I have just gotten myself a new CoolScan 5000ED to process my freshly developed rolls of 90% colour Kodak Vision3 - 10% Ilford BW FP4. I also have a few dozen unscanned rolls that are waiting for a suitable, automated process.
I would prefer to use Nikon Scan 4, as some of my film is quite dusty/scratched, but I have systematically struggled with framing the pictures. The scanner easily finds each frame in negative mode, which isn’t of much use for me as I’d rather use NLP. In positive mode, I have to play with the frame offset and refresh the previews to get correct framing, which works for the first pictures, but doesn’t for the end of the roll, as the offset goes out of range. This would take an exaggerated amount of time too.

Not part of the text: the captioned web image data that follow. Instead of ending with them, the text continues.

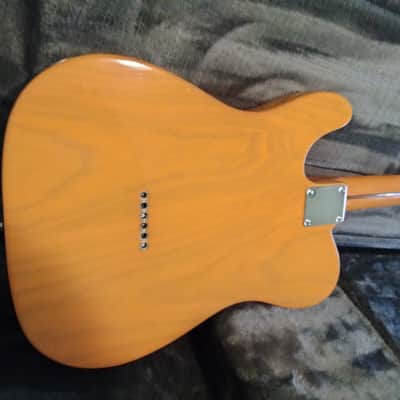 Fender American Original '50s Telecaster with Maple Fretboard 2018 - 2022 - Butterscotch Blonde image 2
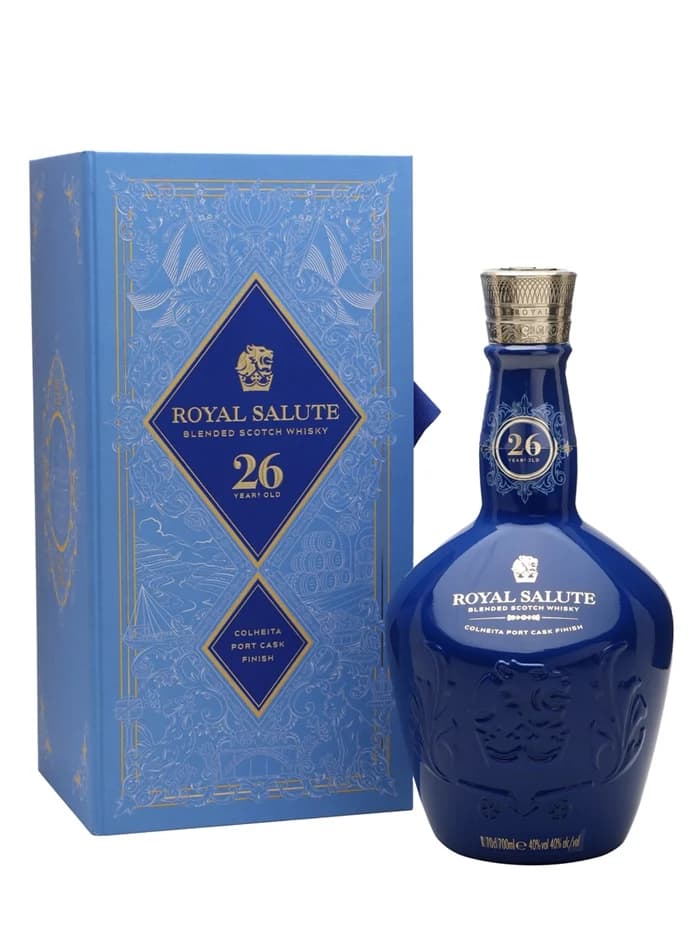 Royal Salute 26 Year Old Kingdom Edition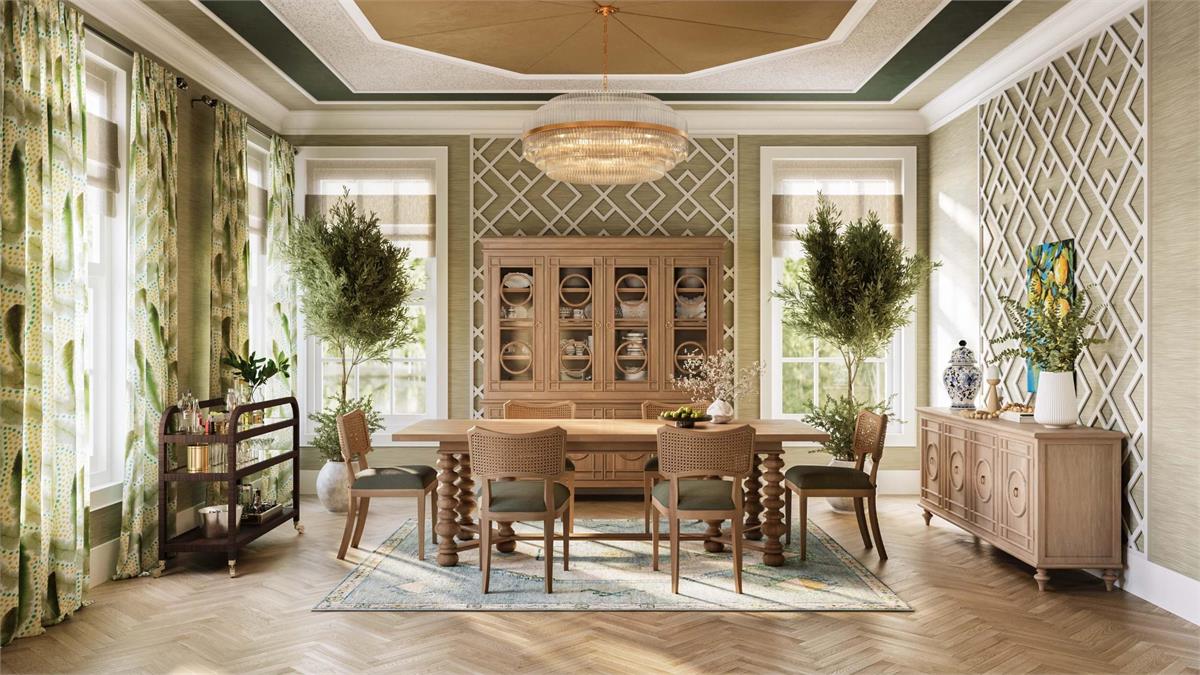 Bramble - Savannah Sideboard - BR-28802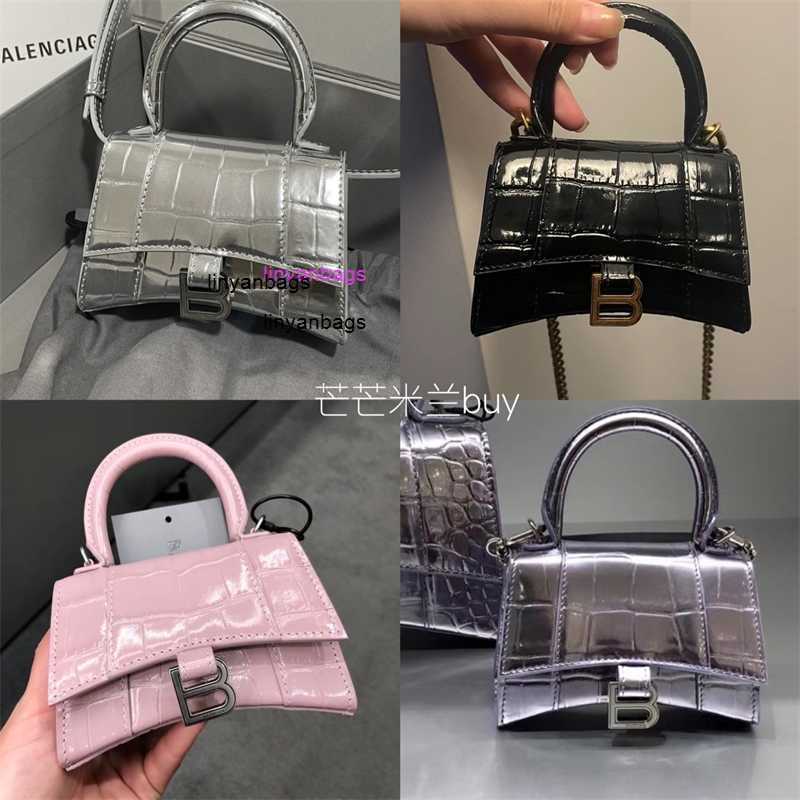 Balencaigass Bags Hourglass Handbags Milan Mini Xxs Crocodile Cross Body Small Square, Black
Balencaigass Bags Hourglass Handbags Milan Mini Xxs Crocodile Cross Body Small Square, Black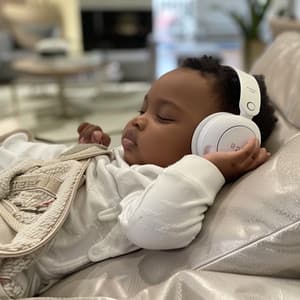 Nighttime Nursery: Hip Hop Melodies for Baby Sleep - Music Of China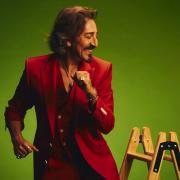 Concierto de Antonio Carmona en València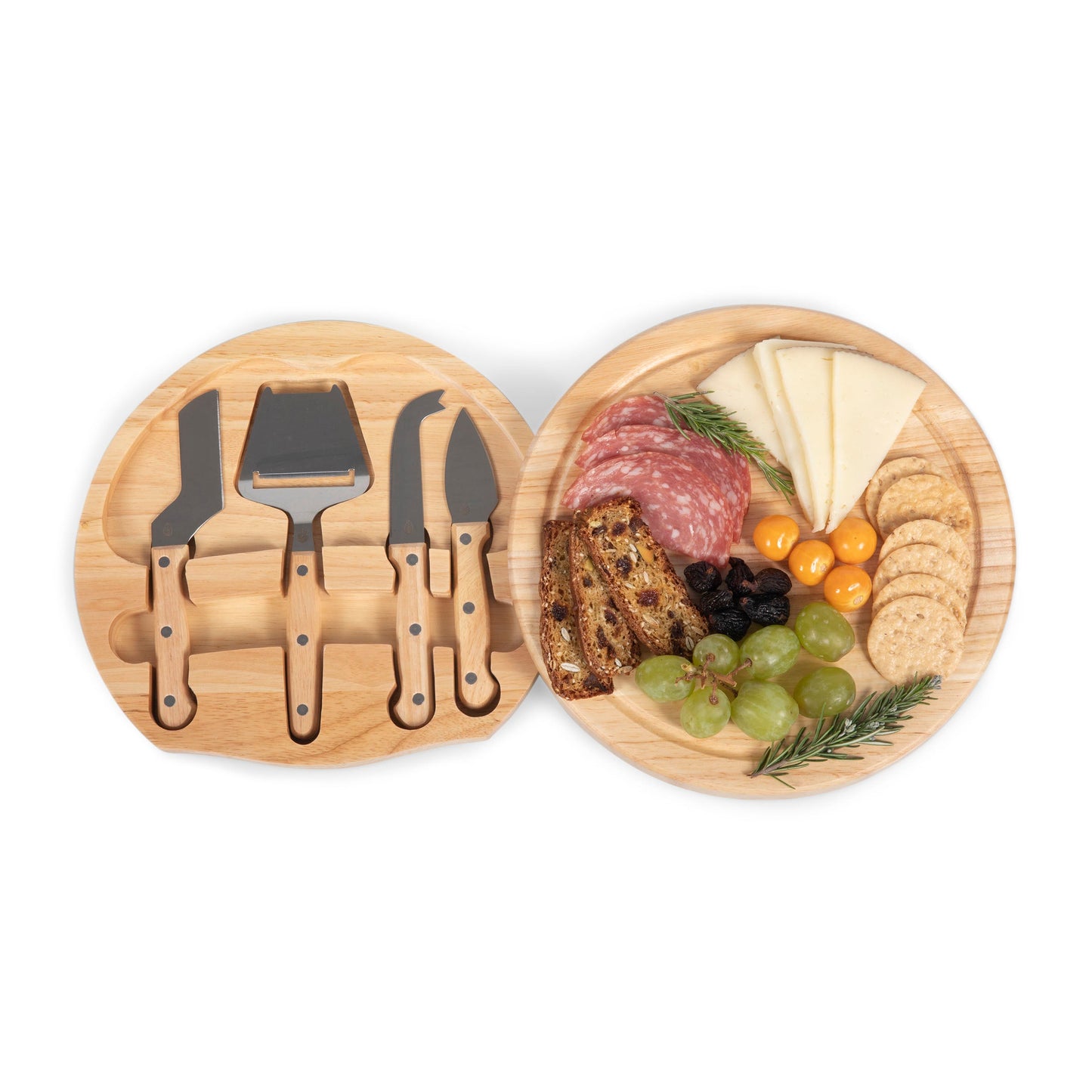 Indianapolis Colts Mickey Mouse - Circo Cheese Cutting Board & Tools Set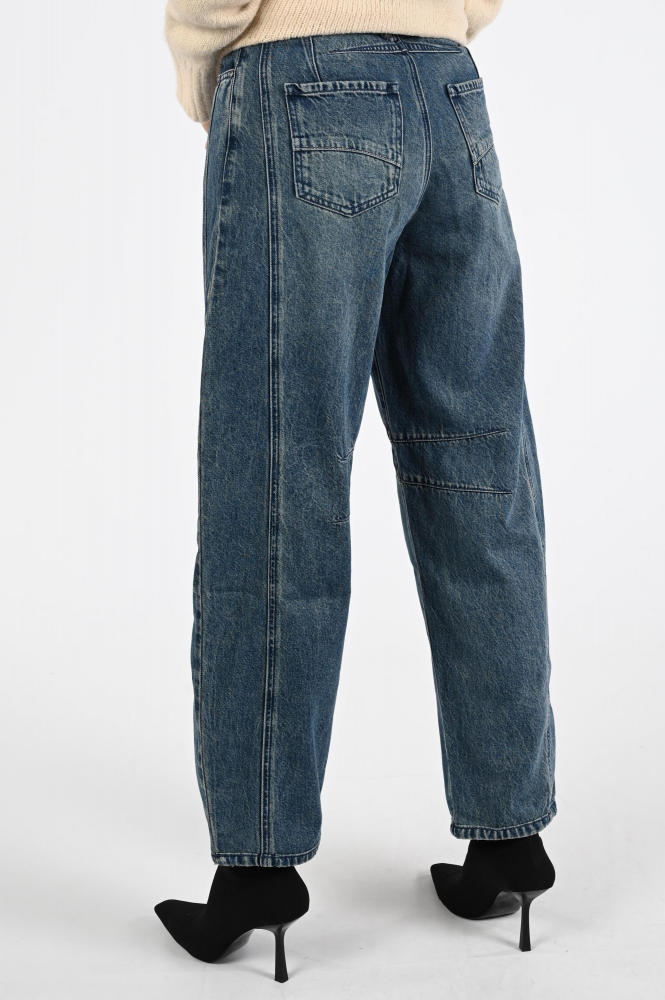 Florèz Simmy Jeans Blauw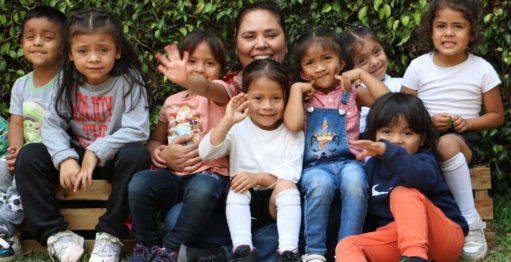 resistir, sonhar e recriar a Guatemala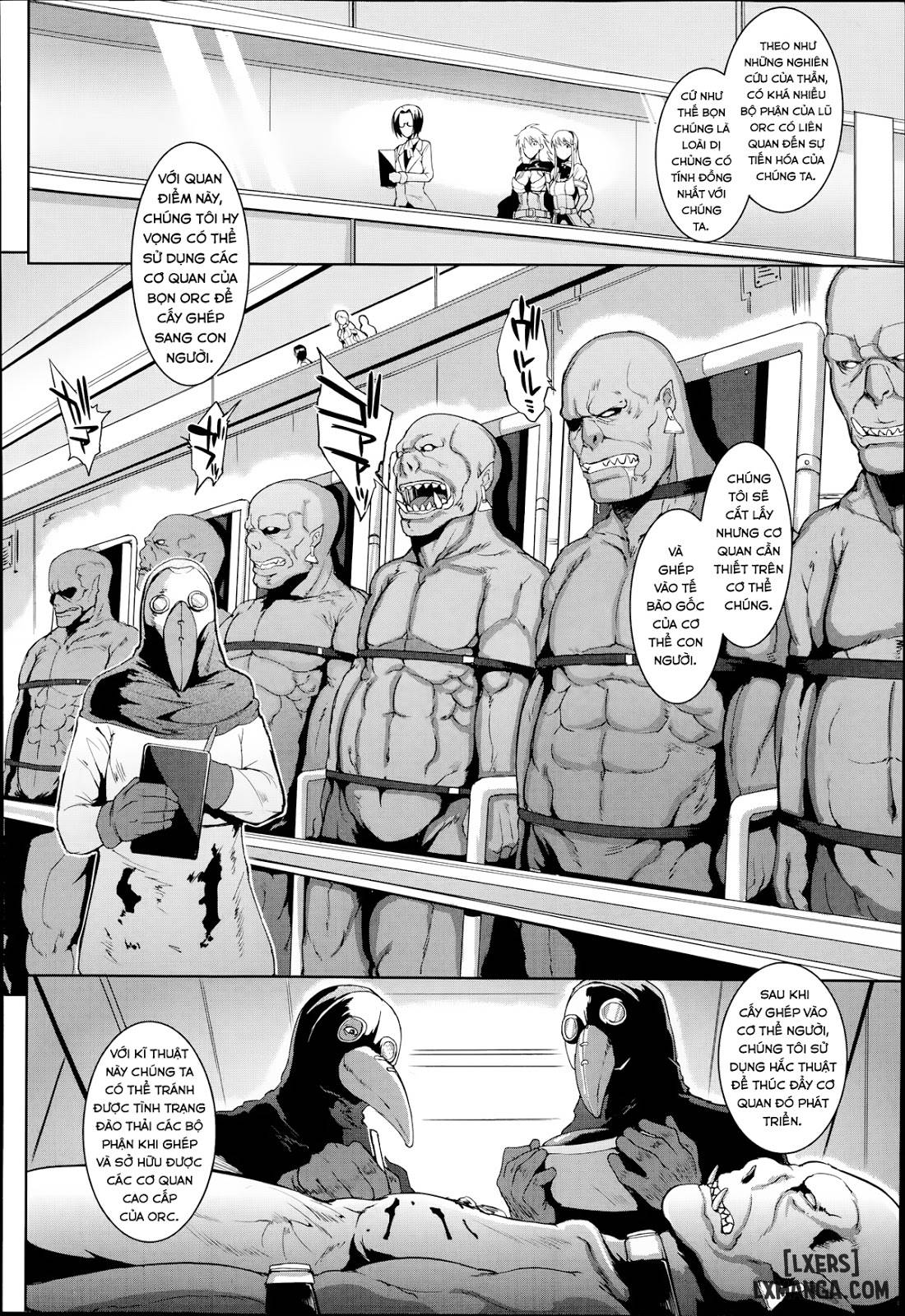 Uprising Zenpen - Trang 2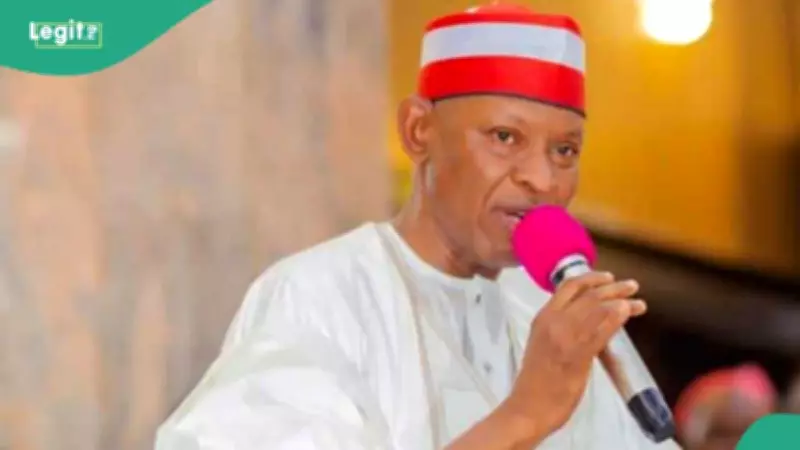 Kano Governor Yusuf Courts Ex-Governor Shekarau Amid 2027 Political Realignment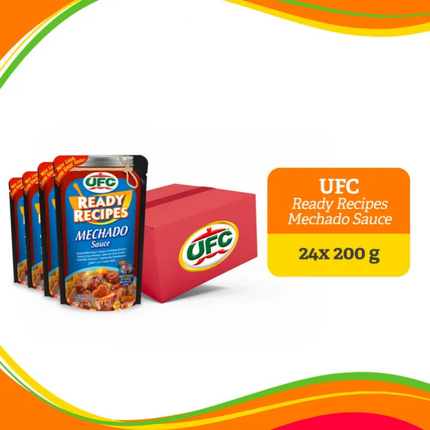 UFC Ready Recipes Mechado Sauce 200 g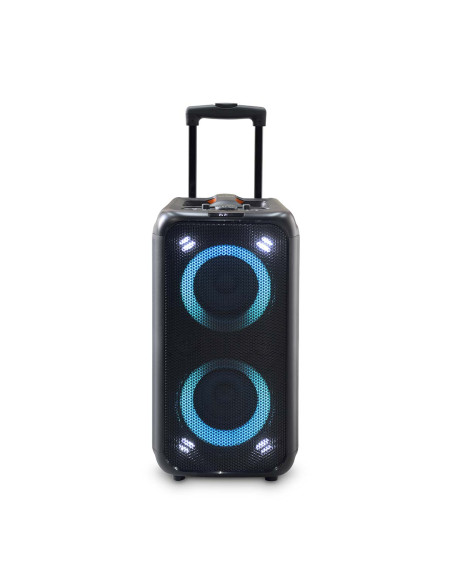 Nedis SPPT2480BK Haut-parleur BlueTooth® Party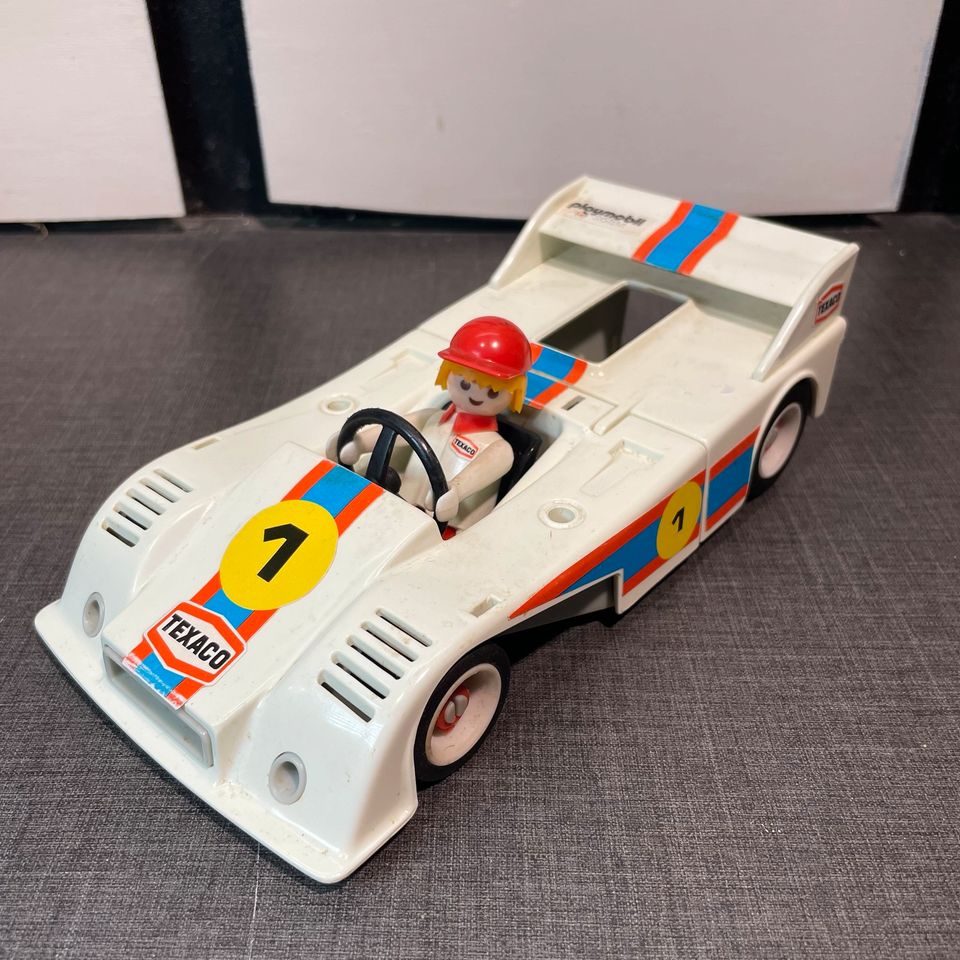 Sammler Playmobil Autos mit Figuren Vintage PM System 1976 in Mainz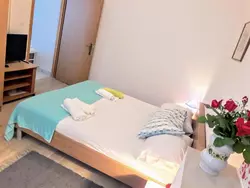 Ferienwohnung Ferienwohnung-1649389 in Općina Slivno - 3 Personen, Hund nicht erlaubt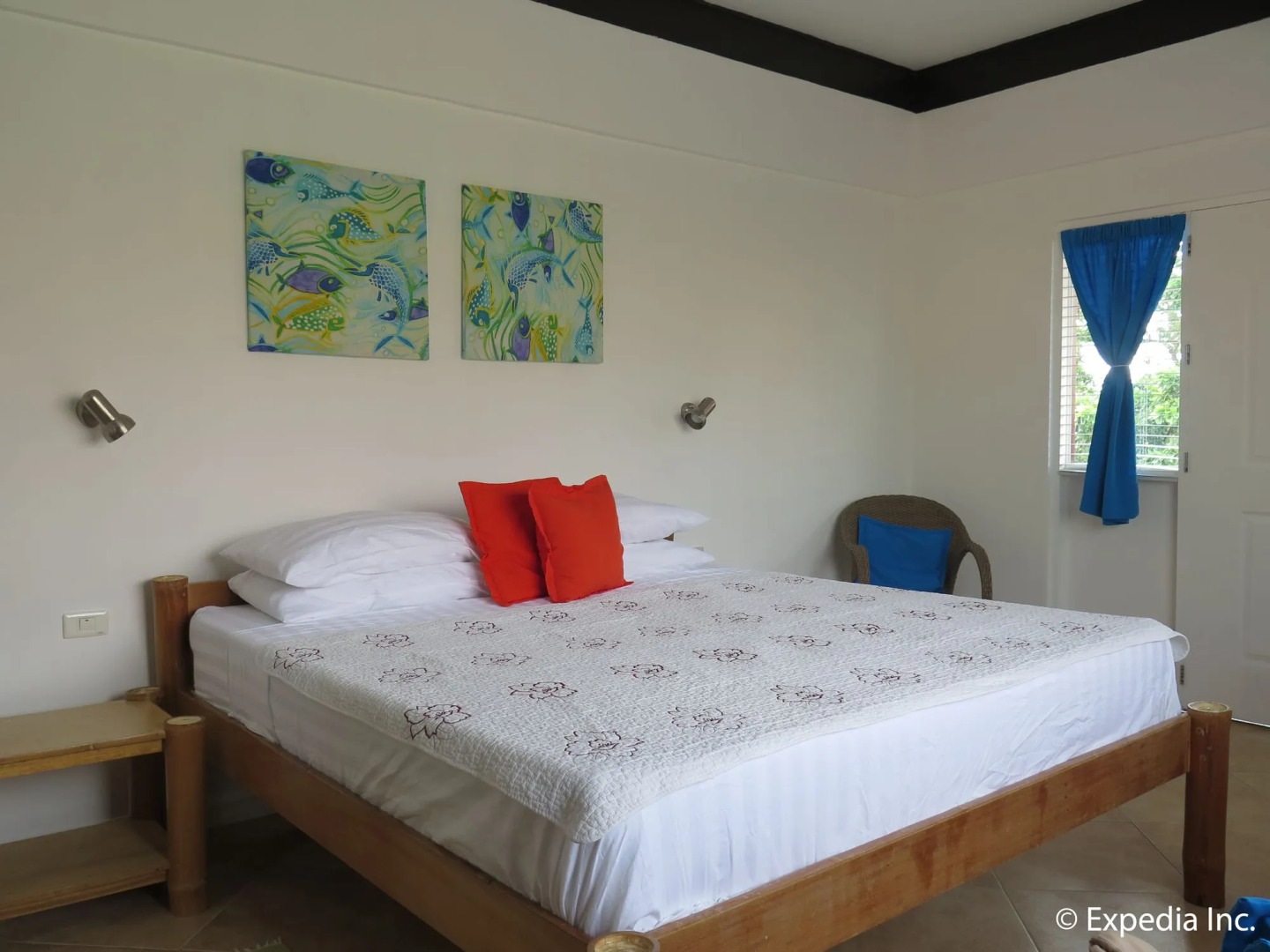 The Coral Beach Club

I tried drawing black 36mm lines on a blank roll of film, but it didn’t trick the scanner to align the frames correctly. VueScan has a separate “Frame alignment” option which does wonders, but it doesn’t remove scratches as well as Nikon Scan.
Has anyone found a workaround for this issue? I’d really appreciate some help.
Thank you for your reply.
“New” might be an exaggeration for some gear that was built 22 years ago
The frame alignment works well in negative mode in Nikon Scan, and in all modes in VueScan, so I would believe this issue is software-related.
Nikon Scan’s dust removal seems to be good, but it does not align frames correctly, Vuescan does, but with less thorough dust removal. So you can choose between two ways that have their relative weaknesses. Which way is the one that costs you less (work, nerves…) and might therefore be preferable?
Do you use the Strip film adapter SA-21 or do you do it one by one?
I never had this issue with the 5000.
As for the scratch removal I found Nikon Scan 4 too harsh, forcing me to work on topo many pieces of dust or scratch, even the tiniest of all.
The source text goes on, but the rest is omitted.